1. ## Nonlinear nonexact first order ODE

Hey
How can I solve
dy/dx = (3x^2 * y + y^2) / (2x^3 + 3xy)
Hopefully you can understand that. It is clearly nonlinear. It is also nonexact and I cannot find an integrating factor that works. I also tried y=vx to no avail. Can someone help me out with this and point me in the right direction?
Thanks

2. ## Re: Nonlinear nonexact first order ODE

Find g(x,y) to make diff eq exact:

$x\left(2x^2+3 y\right)dx-y\left(3x^2+y\right)dy=0$

$x\left(2x^2+3 y\right)\frac{1}{x y\left(3x^2+y\right)+2y x\left(2x^2+3 y\right)}dx-y\left(3x^2+y\right)\frac{1}{x y\left(3x^2+y\right)+2y x\left(2x^2+3 y\right)}dy=0$

Then solution is:

$x^3 y+ x y^2=c$

$y\text{=}\frac{-x^3\pm \sqrt{4 c x+x^6}}{2 x}$

for c=1,2,3,....16

also check out:

$f(x,y)=C+\frac{1}{7} \left(\log \left(x^2+y\right)+\log (x)\right)+\frac{2 \log (y)}{7}$

3. ## Re: Nonlinear nonexact first order ODE

How is that supposed to help? I am not familiar with diagrams like these for differential equations at all

4. ## Re: Nonlinear nonexact first order ODE

Hi MaxJasper !
There is a mistake in your first line (permutation of dx and dy).

Hi Shanter !
Your differential equation is solvable, but very arduously (too difficult to an home work).
I suspect that there is a "-" missing in the wording :
If the equation was : dy/dx = - (3x^2 * y + y^2) / (2x^3 + 3xy) then the integrating factor would be easy to find and the result : (x^3)(y^2)+(y^3)x = C

5. ## Re: Nonlinear nonexact first order ODE

For ODE:
dy/dx = (3x^2 * y + y^2) / (2x^3 + 3x y^2)
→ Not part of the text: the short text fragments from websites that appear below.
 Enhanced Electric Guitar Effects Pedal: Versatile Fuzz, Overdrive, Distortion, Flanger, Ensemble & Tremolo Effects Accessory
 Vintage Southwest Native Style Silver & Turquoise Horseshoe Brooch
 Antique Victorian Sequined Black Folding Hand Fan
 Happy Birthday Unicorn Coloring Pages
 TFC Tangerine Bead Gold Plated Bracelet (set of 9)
6. ## Re: Nonlinear nonexact first order ODE

and I missed the negative, which really simplifies everything now that I can see that

7. ## Re: Nonlinear nonexact first order ODE

Originally Posted by JJacquelin
Hi Shanter !
Your differential equation is solvable, but very arduously (too difficult to an home work).
I suspect that there is a "-" missing in the wording :
If the equation was : dy/dx = - (3x^2 * y + y^2) / (2x^3 + 3xy) then the integrating factor would be easy to find and the result : (x^3)(y^2)+(y^3)x = C
Hi folks,

How did you solve the modified version with (-) sign included?
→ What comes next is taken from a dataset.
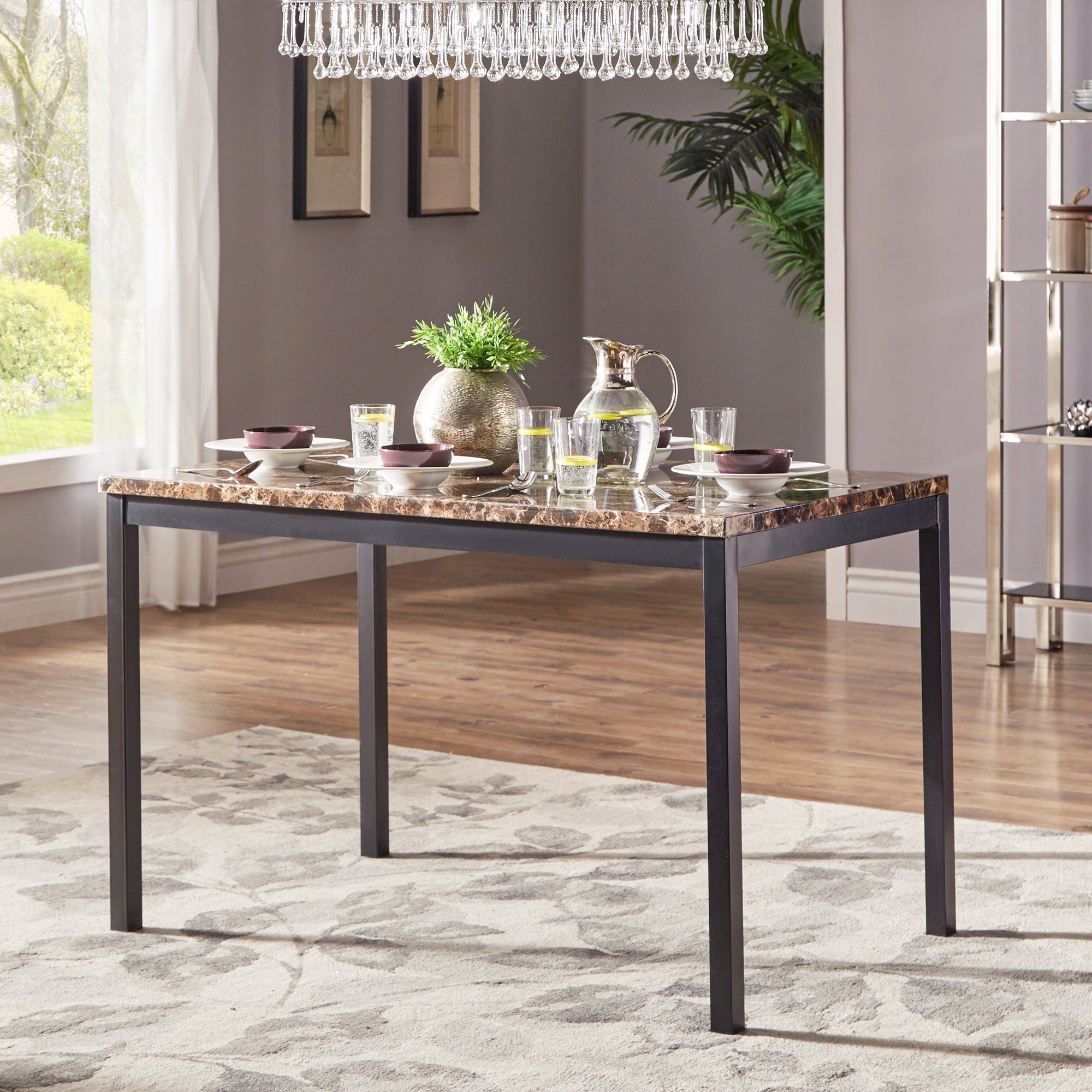 4 person glass online dining table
Your solution: (x^3)(y^2)+(y^3)x = C
results in :

y'=-(3 x^2 y^2 + y^3)/(2 x^3 y + 3 x y^2)

8. ## Re: Nonlinear nonexact first order ODE

Originally Posted by MaxJasper
How did you solve the modified version with (-) sign included?
Your solution: (x^3)(y^2)+(y^3)x = C
results in :
y'=-(3 x^2 y^2 + y^3)/(2 x^3 y + 3 x y^2)
Hi MaxJasper !
Yes, the solution: (x^3)(y^2)+(y^3)x = C results in :
y' = -(3 x^2 y^2 + y^3)/(2 x^3 y + 3 x y^2) = -(3x^2 * y + y^2) / (2x^3 + 3xy)
Solving the modified version with (-) is rather easy. I let Shanter answer to your question since he found how to do it.
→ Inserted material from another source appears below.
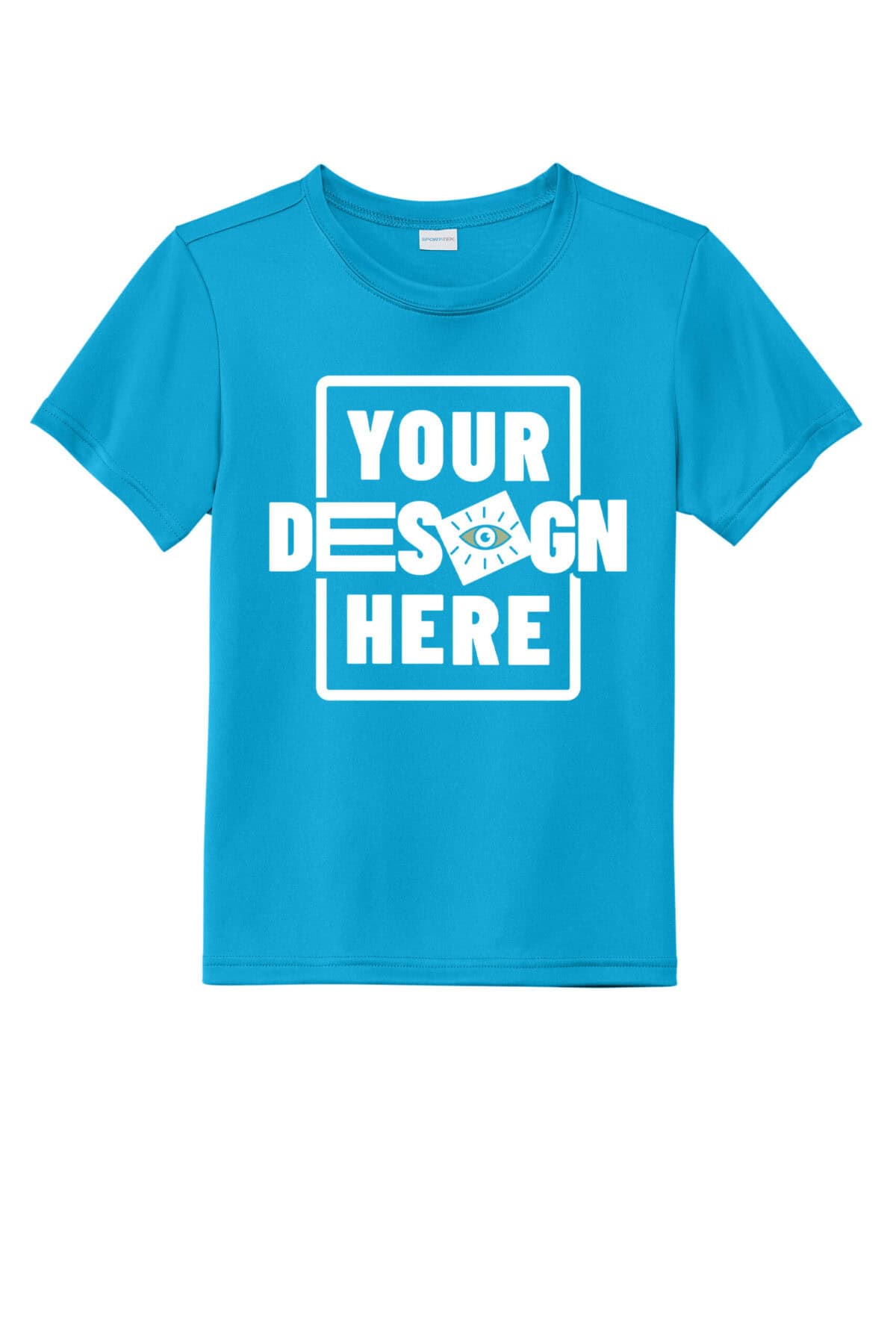 Custom green T-shirt with customizable design space for branding or artwork.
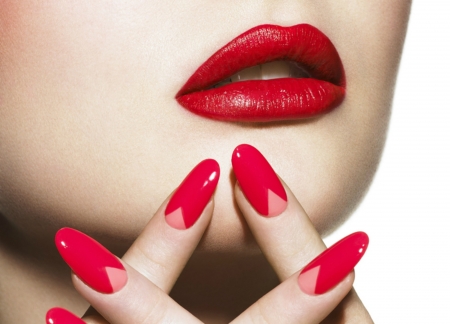 Red - woman, mouth, lips, red, pink, nails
9. ## Re: Nonlinear nonexact first order ODE

Differentiate your solution and see that it is different from original diff eq.

10. ## Re: Nonlinear nonexact first order ODE

Originally Posted by MaxJasper
Differentiate your solution and see that it is different from original diff eq.
I don't agree, the solution is allright.
Publish on tbe forum what you did and we will locate your mistake.

11. ## Re: Nonlinear nonexact first order ODE

Your solution: (x^3)(y^2)+(y^3)x = C
results in :

y'=-(3 x^2 y^2 + y^3)/(2 x^3 y + 3 x y^2)

that is different from original diff eq. Take a careful look.

12. ## Re: Nonlinear nonexact first order ODE

Why don't symplify ?
(y) is a factor of the numerator and of the denominator.
After simplification, compare to the diff. equation (the modified version with - , of course).

13. ## Re: Nonlinear nonexact first order ODE

Hi MaxJasper !

do yo agree now ?

14. ## Re: Nonlinear nonexact first order ODE

Hey this might be a little late but if you write it out as
Mdx + Ndy = 0
To find the integrating factor I think I used
(Nx - My)/M = A, int factor = e^integral A = y
Note, A must be a function of y only.
I don't have my work with me and I am typing this on my phone but I think this is all right. The rest is straight forward using everything you have.